Movies like last year's "The Libertine," about a debauched aristocrat, misfired with critics and were ignored by the masses. Occasionally, the daredevil breaks a leg. And some day, Depp knows, the daredevil could break his neck.
"There was always the chance that maybe you'd get away with (taking risks) for one or two movies, and then you'd get deep-sixed and you're out on your ear. And I was OK with that. I figured, I pumped gas before, I worked construction before. So I could do it again, what the heck. It's still kind of miraculous to me that I was able to stick around after all these years."
BELIEVING IN YOURSELF
Memories of two important figures in his life — Marlon Brando, his co-star in 1995's "Don Juan DeMarco," and Thompson, the iconic crazed journalist of "Fear and Loathing"— guide his tastes.
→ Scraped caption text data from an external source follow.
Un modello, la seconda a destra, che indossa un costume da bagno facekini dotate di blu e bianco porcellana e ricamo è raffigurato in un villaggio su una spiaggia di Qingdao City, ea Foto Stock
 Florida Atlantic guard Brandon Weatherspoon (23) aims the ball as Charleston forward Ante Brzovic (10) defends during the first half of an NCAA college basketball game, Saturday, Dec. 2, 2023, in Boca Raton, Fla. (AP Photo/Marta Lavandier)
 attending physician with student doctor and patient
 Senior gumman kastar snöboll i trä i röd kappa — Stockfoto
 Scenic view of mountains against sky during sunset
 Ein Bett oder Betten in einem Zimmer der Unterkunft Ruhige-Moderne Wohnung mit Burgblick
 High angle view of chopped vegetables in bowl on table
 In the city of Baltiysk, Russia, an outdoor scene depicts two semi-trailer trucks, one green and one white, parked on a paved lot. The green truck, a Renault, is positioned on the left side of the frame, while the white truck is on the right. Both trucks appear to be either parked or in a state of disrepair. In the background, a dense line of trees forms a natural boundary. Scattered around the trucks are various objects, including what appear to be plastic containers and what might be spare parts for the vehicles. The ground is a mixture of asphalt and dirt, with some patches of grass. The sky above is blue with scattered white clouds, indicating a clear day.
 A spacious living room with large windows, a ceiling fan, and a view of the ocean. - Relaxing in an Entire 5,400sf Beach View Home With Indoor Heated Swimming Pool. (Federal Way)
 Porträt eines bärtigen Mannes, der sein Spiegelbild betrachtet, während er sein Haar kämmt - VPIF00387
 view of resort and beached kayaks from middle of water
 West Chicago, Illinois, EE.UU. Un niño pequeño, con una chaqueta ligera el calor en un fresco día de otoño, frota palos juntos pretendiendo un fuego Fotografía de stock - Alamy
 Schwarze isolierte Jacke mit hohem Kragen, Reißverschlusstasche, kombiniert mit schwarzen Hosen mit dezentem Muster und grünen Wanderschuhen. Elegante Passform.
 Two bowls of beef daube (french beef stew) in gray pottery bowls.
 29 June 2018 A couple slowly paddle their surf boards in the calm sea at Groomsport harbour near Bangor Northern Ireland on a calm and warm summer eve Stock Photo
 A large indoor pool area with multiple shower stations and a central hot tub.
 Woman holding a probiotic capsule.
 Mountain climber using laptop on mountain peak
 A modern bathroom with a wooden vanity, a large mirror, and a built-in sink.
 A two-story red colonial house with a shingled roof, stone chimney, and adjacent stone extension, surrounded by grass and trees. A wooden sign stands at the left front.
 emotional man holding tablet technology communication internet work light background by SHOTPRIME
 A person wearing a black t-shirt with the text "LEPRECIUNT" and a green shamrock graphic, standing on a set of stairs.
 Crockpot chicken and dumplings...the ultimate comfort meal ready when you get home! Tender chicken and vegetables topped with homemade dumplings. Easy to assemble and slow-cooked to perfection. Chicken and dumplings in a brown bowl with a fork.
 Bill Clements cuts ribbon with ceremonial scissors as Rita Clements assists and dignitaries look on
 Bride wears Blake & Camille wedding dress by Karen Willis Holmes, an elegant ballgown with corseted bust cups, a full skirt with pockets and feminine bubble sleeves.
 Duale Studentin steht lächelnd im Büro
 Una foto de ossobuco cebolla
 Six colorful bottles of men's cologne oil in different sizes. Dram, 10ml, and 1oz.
"I wouldn't do anything that I thought could disappoint them or make them ashamed. Even if I'm alone — even if I'm going down this road and I feel it's really what this character is and everyone in the world thinks I'm wrong — you've got to do what you believe in."
But like many creative enigmas, Brando's life was full of personal grief and emotional and social exile, and "Fear and Loathing" was not just a title for Thompson, it was a lifestyle. Slowed by declining health, he committed suicide last year — his final act of defiance.
Depp is testing whether it's possible to follow their fearsome creative path and still have happiness. He says his personal life has mellowed because of his longtime romance with model/actress Vanessa Paradis, and their two children, daughter Lily-Rose, 7, and son Jack, 4.
That's when he says he let go of what "freaks me out or bothered me or confused me" along with the "boozing" that helped him deal with it.
"It took kind of meeting that right girl, her getting pregnant, and that whole beauty of nine months waiting for the kid and then BOOM — there's your baby and you go, 'My God, there is my life.' The same moment your child is born, you're born. You're brand new, because you are revealed finally to yourself. You're meeting yourself for the first time. And it's about being OK with yourself, not hating yourself anymore."
So, maybe there is danger for a rebel like Depp in being loved too much, but he seems willing to sacrifice some of that defiance. He has found ways to fill that void.